Dimos vueltas durante un largo rato antes de que me diera cuenta de que no le había dicho dónde íbamos.
—A la avenida Toledo —dije.
—¿Toledo y qué? —preguntó el taxista, y entonces comprendí que me había olvidado completamente del nombre de la otra calle.
—No sé. Voy a una exposición que está sobre Toledo.
—¿Qué exposición?
Pero eso tampoco lo sabía. ¿Y ahora qué?
—¿Es muy larga la avenida Toledo? —le pregunté al taxista, pensando en ir a una punta y recorrerla cuadra por cuadra hasta encontrar la exposición.
Pero el taxista hizo un gesto desalentador.

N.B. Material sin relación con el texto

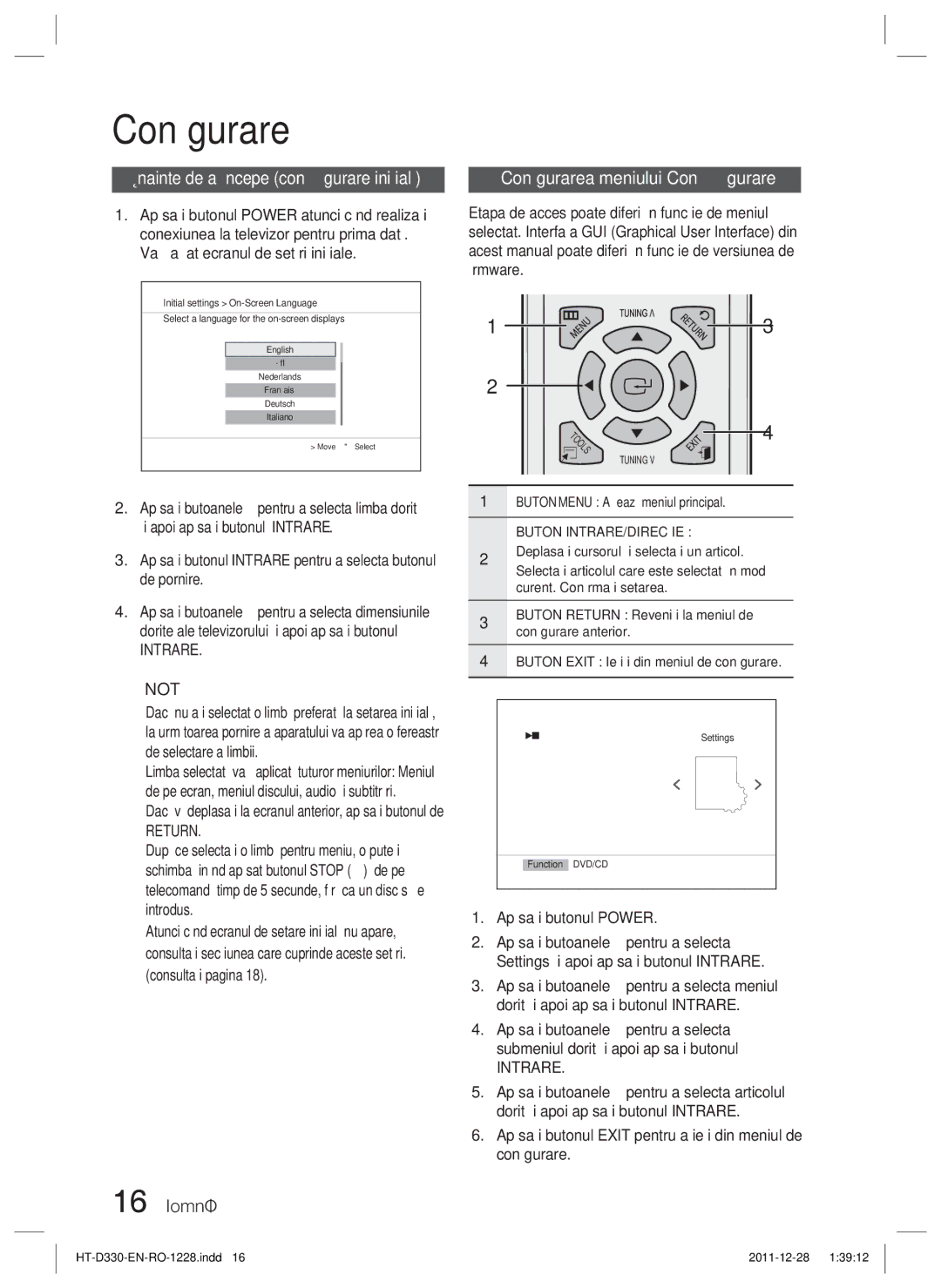 Samsung HT-D330/EN manual Înainte de a începe conﬁgurare iniţială, 16 Română, Conﬁgurarea meniului Conﬁgurare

—¿Me puede decir algunos cruces principales? —dije ahora, esperando poder reconocer la calle que había olvidado.
El taxista se puso a pensar. Pero entonces yo estaba hablando por teléfono con una amiga, a quien acababa de contarle el problema y me insistía en que al menos tenía que saber de qué exposición se trataba. El teléfono era en realidad unos auriculares. La cabeza me daba vueltas con ideas para descubrir a dónde tenía que ir, pero nada parecía efectivo. Además, me estaba quedando sin pilas.

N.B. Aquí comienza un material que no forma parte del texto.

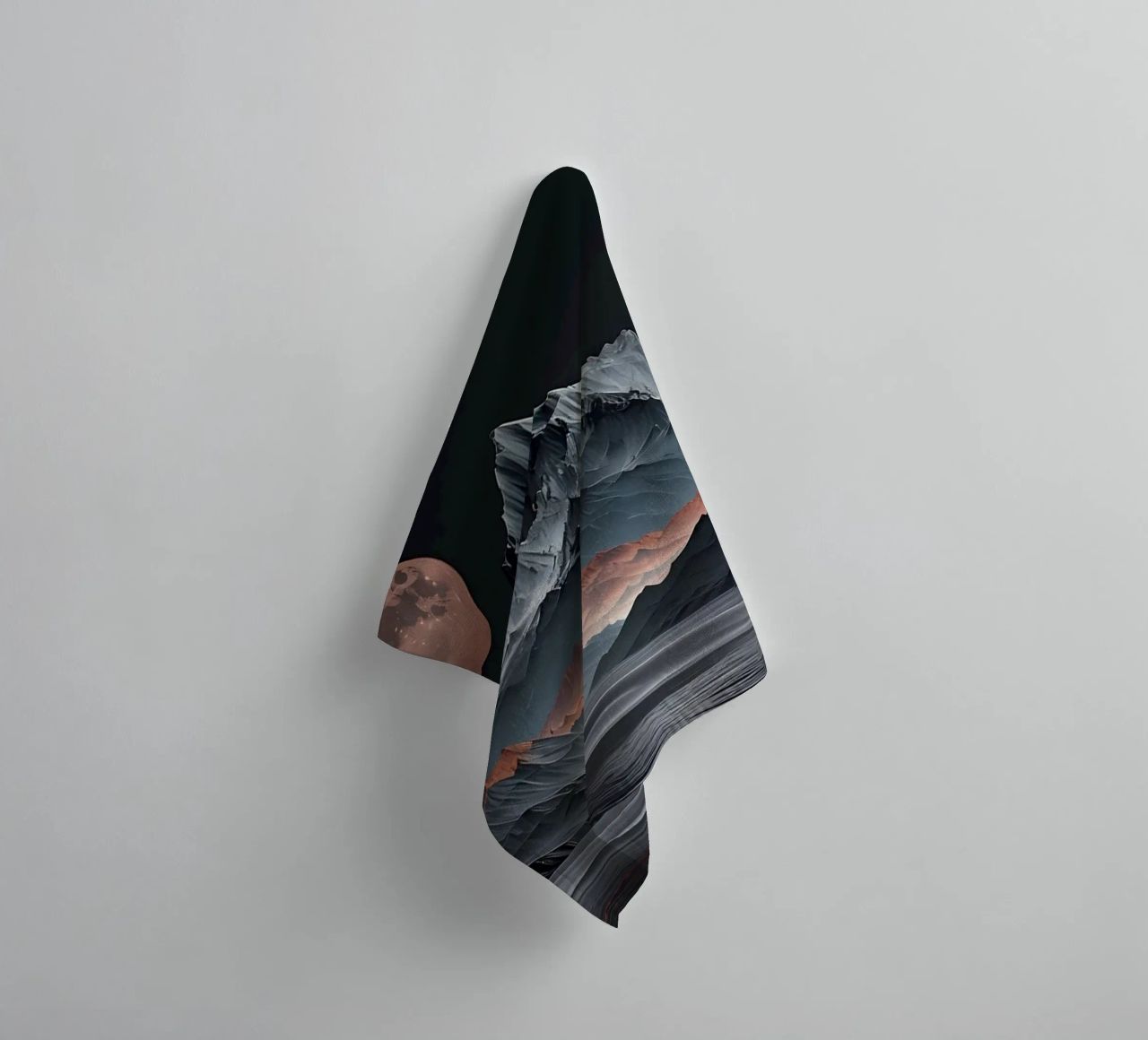 Lunar Majesty over the Obsidian Peaks towel by Artistic-shop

En realidad, los Beatles no habían grabado ningún disco nuevo.
En una mesa del tenedor libre que está un poco adelante y un poco a la izquierda de mí hay una chica más bien gordita, linda, con un escote rojo completamente abrumador, y sobre la prenda roja un saquito negro abierto. Está con su novio. Cuando él se levanta a buscar algo de comida, ella se cierra el saquito como una monja. Cuando el novio vuelve, asoma otra vez el abismo bordeado de rojo.
Nuevas frases célebres, a veces mejores que las clásicas, surgen cuando se combina de a dos las preexistentes. Y no hablo del chiste fácil, la contradicción galopante, el surrealismo que acecha a la vuelta de la esquina.
Acabo de combinar sin mayor cuidado algunas de las muchas frases célebres que mi trabajo me exige coleccionar (para hacer sopas de letras y otros juegos con palabras), y como resultado, en pocos minutos, obtuve cosas que al menos merecen ser leídas:
[1/8/2003]
Un nuevo ejemplo de mimetismo en las playas argentinas
(También conocido como “mercado de pulgas de Mar del Plata”.)
Al teléfono, pidiendo unas empanadas de carne, aclaro:
—Por favor, que no sean picantes.
Cuando llegan y las probamos, pican. Gabriel interpreta:
—Seguro que te entendió “que nos sean picantes”.